● Work required
Output only the lines below that start at the line containing "Playa Del Carmen" and end at the line containing "Download Apartamentos de", with both ends kept.
BEGIN Input for this task
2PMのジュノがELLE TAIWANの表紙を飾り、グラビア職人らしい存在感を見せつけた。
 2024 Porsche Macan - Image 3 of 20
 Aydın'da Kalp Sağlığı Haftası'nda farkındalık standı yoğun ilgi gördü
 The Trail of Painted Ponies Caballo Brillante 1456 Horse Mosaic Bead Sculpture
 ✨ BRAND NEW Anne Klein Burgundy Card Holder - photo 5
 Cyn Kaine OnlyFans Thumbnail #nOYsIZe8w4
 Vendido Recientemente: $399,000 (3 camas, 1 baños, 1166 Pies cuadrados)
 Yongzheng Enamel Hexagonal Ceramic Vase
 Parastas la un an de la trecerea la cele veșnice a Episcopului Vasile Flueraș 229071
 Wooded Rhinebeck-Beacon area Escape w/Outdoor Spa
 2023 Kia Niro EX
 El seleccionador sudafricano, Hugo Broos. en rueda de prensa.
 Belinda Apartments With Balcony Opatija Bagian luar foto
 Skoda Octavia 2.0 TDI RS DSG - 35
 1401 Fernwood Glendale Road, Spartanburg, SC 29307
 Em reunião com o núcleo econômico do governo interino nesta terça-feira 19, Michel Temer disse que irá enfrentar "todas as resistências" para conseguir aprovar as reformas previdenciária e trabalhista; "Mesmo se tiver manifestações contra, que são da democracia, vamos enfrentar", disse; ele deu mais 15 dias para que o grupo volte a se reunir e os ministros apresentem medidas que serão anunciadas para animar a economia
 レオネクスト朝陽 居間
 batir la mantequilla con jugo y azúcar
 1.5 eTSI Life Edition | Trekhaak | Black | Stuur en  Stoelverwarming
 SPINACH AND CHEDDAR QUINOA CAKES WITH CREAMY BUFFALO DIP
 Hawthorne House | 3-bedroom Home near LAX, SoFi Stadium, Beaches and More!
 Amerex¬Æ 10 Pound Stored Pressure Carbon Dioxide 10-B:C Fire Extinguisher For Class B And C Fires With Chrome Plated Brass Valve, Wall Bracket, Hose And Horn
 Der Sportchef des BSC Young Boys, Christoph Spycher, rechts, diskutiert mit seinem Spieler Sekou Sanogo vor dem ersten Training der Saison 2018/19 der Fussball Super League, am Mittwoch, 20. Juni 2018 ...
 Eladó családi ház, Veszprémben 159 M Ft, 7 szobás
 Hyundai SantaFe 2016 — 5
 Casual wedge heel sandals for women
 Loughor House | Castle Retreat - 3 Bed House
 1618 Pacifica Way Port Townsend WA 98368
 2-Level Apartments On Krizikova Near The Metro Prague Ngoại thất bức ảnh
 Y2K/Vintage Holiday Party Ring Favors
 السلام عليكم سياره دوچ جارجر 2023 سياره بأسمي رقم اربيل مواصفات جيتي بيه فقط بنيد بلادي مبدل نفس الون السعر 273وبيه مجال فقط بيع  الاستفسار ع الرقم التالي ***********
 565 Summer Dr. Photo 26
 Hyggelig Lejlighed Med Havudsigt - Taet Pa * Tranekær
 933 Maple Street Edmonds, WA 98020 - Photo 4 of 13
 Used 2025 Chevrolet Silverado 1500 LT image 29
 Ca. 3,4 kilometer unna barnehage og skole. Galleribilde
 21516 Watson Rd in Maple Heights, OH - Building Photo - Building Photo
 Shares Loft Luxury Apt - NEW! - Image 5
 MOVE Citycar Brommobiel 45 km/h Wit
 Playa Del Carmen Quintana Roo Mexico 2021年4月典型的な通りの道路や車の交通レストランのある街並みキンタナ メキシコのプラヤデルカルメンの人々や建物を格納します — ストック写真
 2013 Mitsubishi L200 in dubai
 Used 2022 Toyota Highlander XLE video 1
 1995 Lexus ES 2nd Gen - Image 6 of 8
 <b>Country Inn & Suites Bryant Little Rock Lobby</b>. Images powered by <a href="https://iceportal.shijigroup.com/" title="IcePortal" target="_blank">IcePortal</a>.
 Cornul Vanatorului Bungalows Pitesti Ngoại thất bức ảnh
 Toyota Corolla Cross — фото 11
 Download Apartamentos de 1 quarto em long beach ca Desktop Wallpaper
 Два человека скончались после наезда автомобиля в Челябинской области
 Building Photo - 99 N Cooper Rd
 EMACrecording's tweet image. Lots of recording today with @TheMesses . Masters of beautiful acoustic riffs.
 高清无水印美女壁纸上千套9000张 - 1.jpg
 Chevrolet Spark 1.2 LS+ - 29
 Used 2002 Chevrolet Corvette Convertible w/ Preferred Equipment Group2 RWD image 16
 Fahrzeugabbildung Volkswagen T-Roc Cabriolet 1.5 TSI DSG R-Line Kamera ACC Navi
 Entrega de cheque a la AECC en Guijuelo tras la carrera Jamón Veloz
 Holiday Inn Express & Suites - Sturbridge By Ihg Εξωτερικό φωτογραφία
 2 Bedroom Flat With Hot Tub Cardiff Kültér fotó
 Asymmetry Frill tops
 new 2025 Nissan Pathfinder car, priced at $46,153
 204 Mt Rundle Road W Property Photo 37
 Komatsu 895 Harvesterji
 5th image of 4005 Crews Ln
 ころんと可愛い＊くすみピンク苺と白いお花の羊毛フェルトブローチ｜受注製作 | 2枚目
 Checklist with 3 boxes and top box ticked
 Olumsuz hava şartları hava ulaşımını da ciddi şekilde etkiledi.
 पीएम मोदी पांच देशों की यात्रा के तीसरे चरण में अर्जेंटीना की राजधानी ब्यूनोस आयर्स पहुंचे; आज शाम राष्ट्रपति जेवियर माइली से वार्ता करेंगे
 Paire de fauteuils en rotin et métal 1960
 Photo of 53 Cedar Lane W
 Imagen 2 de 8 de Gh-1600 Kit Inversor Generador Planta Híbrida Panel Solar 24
END Input for this task
● Exercise answer
 Playa Del Carmen Quintana Roo Mexico 2021年4月典型的な通りの道路や車の交通レストランのある街並みキンタナ メキシコのプラヤデルカルメンの人々や建物を格納します — ストック写真
 2013 Mitsubishi L200 in dubai
 Used 2022 Toyota Highlander XLE video 1
 1995 Lexus ES 2nd Gen - Image 6 of 8
 <b>Country Inn & Suites Bryant Little Rock Lobby</b>. Images powered by <a href="https://iceportal.shijigroup.com/" title="IcePortal" target="_blank">IcePortal</a>.
 Cornul Vanatorului Bungalows Pitesti Ngoại thất bức ảnh
 Toyota Corolla Cross — фото 11
 Download Apartamentos de 1 quarto em long beach ca Desktop Wallpaper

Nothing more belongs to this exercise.